Charles Laughton is a kindly businessman with a shrewish wife in early 20th century London. When young jobseeker Ella Raines chances into his office, they strike up a friendship which blossoms into affection.  Eventually, Laughton decides to ask his wife for a divorce, but she refuses. He tells Raines that they can’t meet again but it is too late because his wife has found out and threatens to tell everyone about his suspected infidelity.  The next thing we know, she is dead and a police inspector is nosing around Laughton’s place.  We never feel anything but sympathy for Laughton, even as the police start tightening the screws upon finding a “motive” (his relationship with Raines).  But they can’t pin anything on Laughton – that is, until his drunken rotter of a neighbour (Henry Daniell) claims to have heard the murder through the walls. Now Laughton is really cornered and the usual fate of the film noir protagonist awaits him.  Yet he is willing to try one last gambit (and still remarkably retains audience sympathy).  This is not the typical noir, but a character driven piece with Laughton more subtle than his later scenery chewing years would suggest and fine direction from noir stalwart Robert Siodmak (The Killers, Criss Cross, etc.). 

 

Sunday, September 10, 2023

Horror Castle (1963)


 ☆ ☆ ☆ ½

Horror Castle (1963) – A. Margheriti

Another atmospheric Gothic chiller from director Antonio Margheriti (see also Castle of Blood, 1964), here credited as Anthony Dawson.  Originally entitled “The Virgin of Nuremberg”, here we find married (not virginal) Rosanna Podesta moving to a spooky medieval castle in Germany with her husband whose ancestors lived there. The castle is also home to a museum full of ancient torture devices (‘natch) that were once wielded by ancient patriarch The Punisher.  There is a statue of him in a hooded masked outfit with barbaric mace.

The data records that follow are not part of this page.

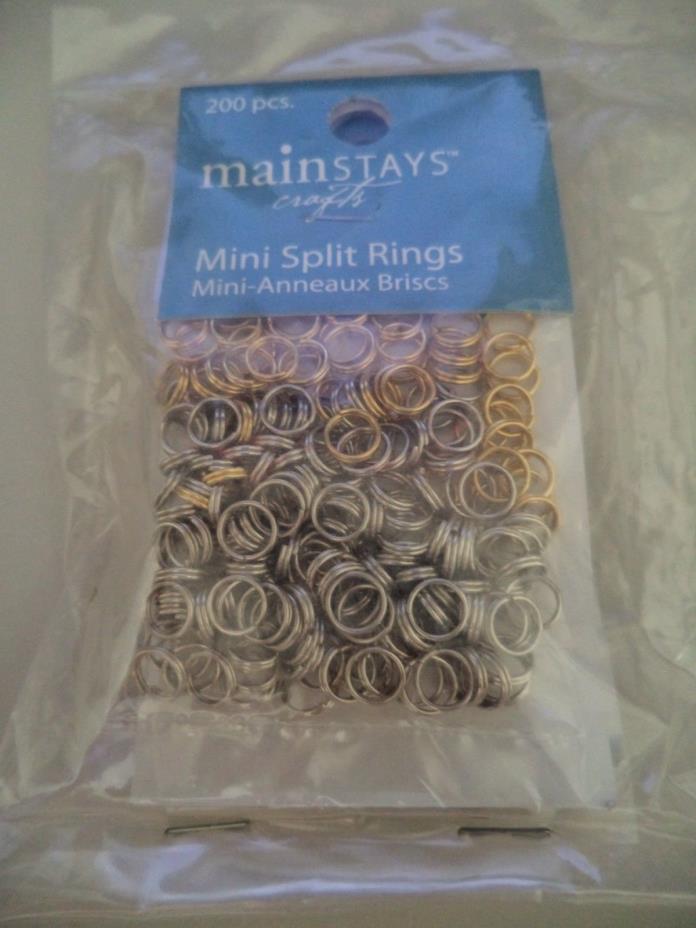 MAINSTAYS SPLIT RINGS - 200 PIECES X 12 PACKAGES  - GOLD TONE & SILVER TONE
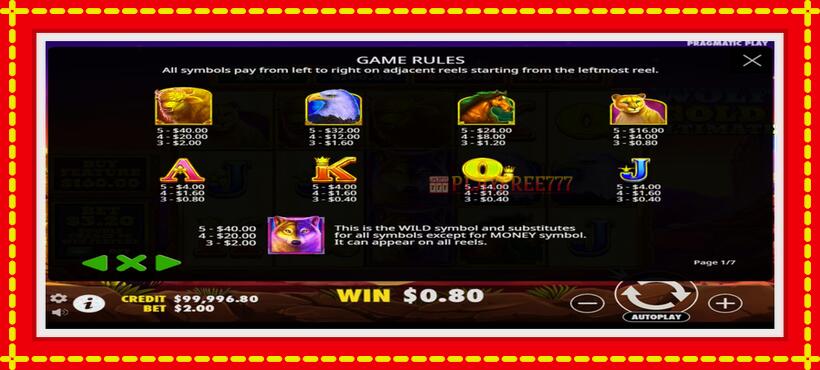 Slot machine Wolf Gold Ultimate with access to free game online, picture 4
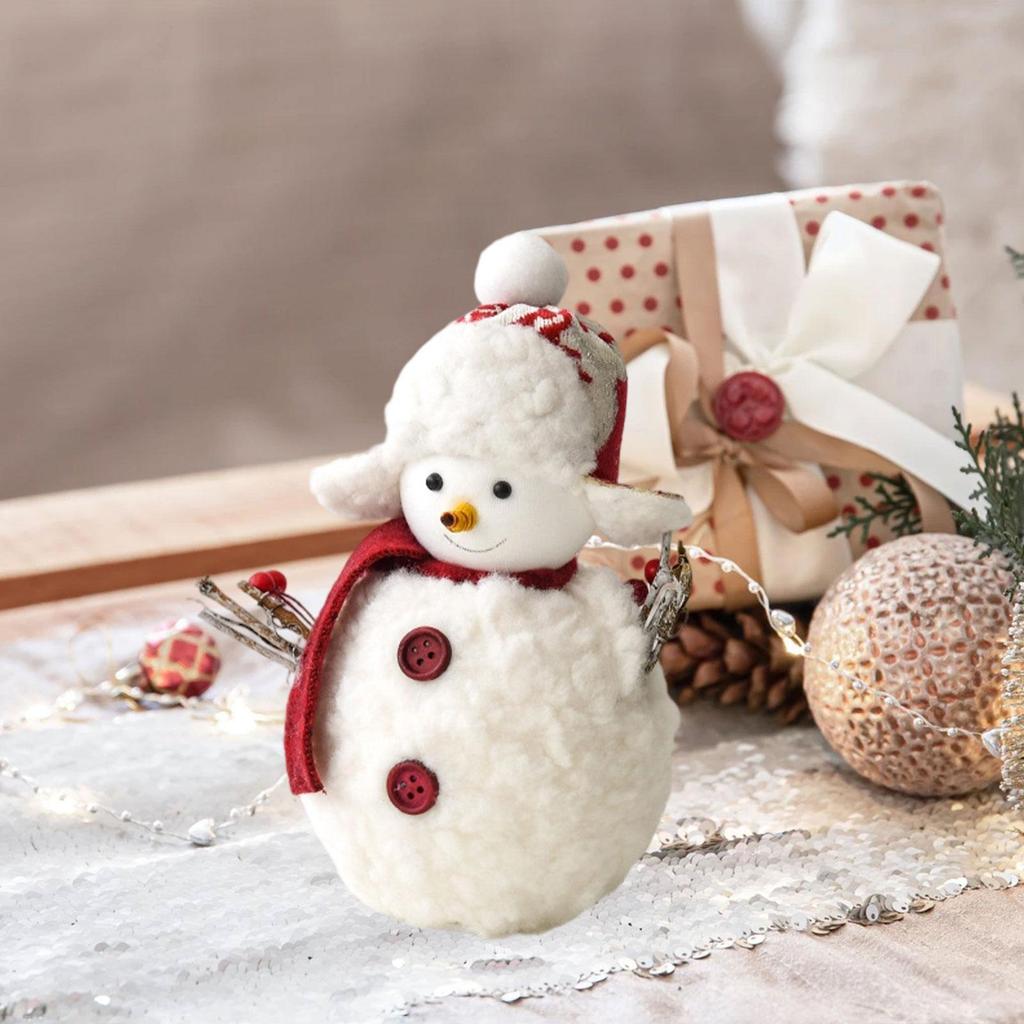 Christmas Decor Snowman Figurine Tabletop Centerpiece Foam Cloth Ornament for Room Decoration Accessories Holiday Party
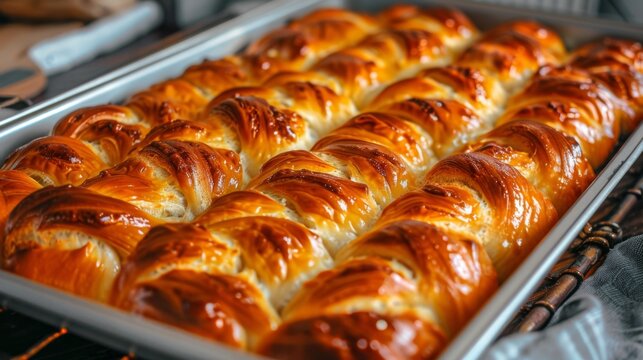  a close up of a pastry in a pan on a baking rack with other baking utensils in the background.
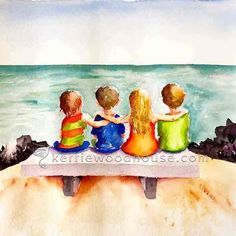 three children sitting on a bench looking out at the ocean watercolor and ink drawing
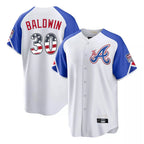 Atlanta Braves #30 Drake Baldwin Player White USA 250 Fourth Of July City Connect Home Game Stitched Baseball Jersey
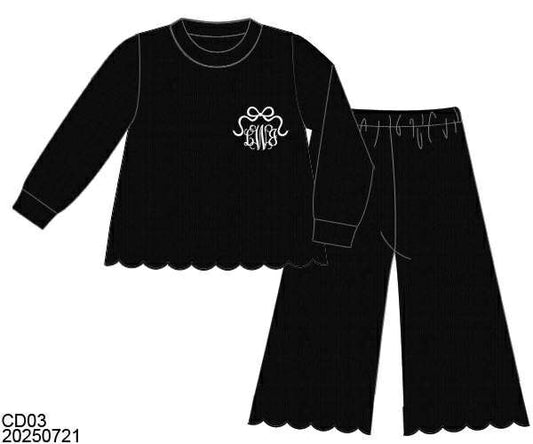 WS PO80: Girls Flared Cardigan Set BLACK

On her first night, Mary (Podesta) awakens to find her husband Max (Georges Riviere) missing – she wanders downstairs, through the lonely castle (full of shadows and bumps in the night) and into the museum. Following a trail of blood, she finds a dead woman inside the legendary iron maiden. Of course, no one believes her the next day.  Once we see someone roaming the halls dressed as the Punisher, we are led to suspect that anyone could be the killer, including husband Max, loyal (but disfigured) aide Erich (Christopher Lee), and possibly even the cryptic old housekeeper Martha (Laura Nucci).  Although much of the film is Podesta wandering the castle in her dressing gown, there are enough suspenseful events to hold your interest – and the unexpected twist at the end is worth the wait.  Beautifully gruesome.  

 

Saturday, September 9, 2023

The House on 92nd Street (1945)


 ☆ ☆ ☆

The House on 92nd Street (1945) – H. Hathaway

Using the documentary style for which Dragnet later became famous on TV, Henry Hathaway’s war-time noir includes voice-over narration, real location shooting, found footage (of Nazi spies, J. Edgar Hoover, etc.) mixed with actors (Lloyd Nolan and Leo G. Carroll, most noticeably) and a torn-from-the-headlines plot (Nazi spies are trying to smuggle secrets of the atomic bomb out of the US).  Bill Dietrich (William Eythe) is a college student recruited by the Germans to spy for them but he quickly tells the FBI and works as a double agent for them.  We see how he makes contact with the Nazi spy ring and attempts to earn their confidence while still passing along details of their actions and communications back to the FBI.  With this information, FBI Inspector Briggs (Nolan) hopes to find the local kingpin, Herr Christopher, and break up the ring before it’s too late.  Apparently, references to the bomb were added just before this was rushed into release in September 1945.  Not bad but a bit of a programmer.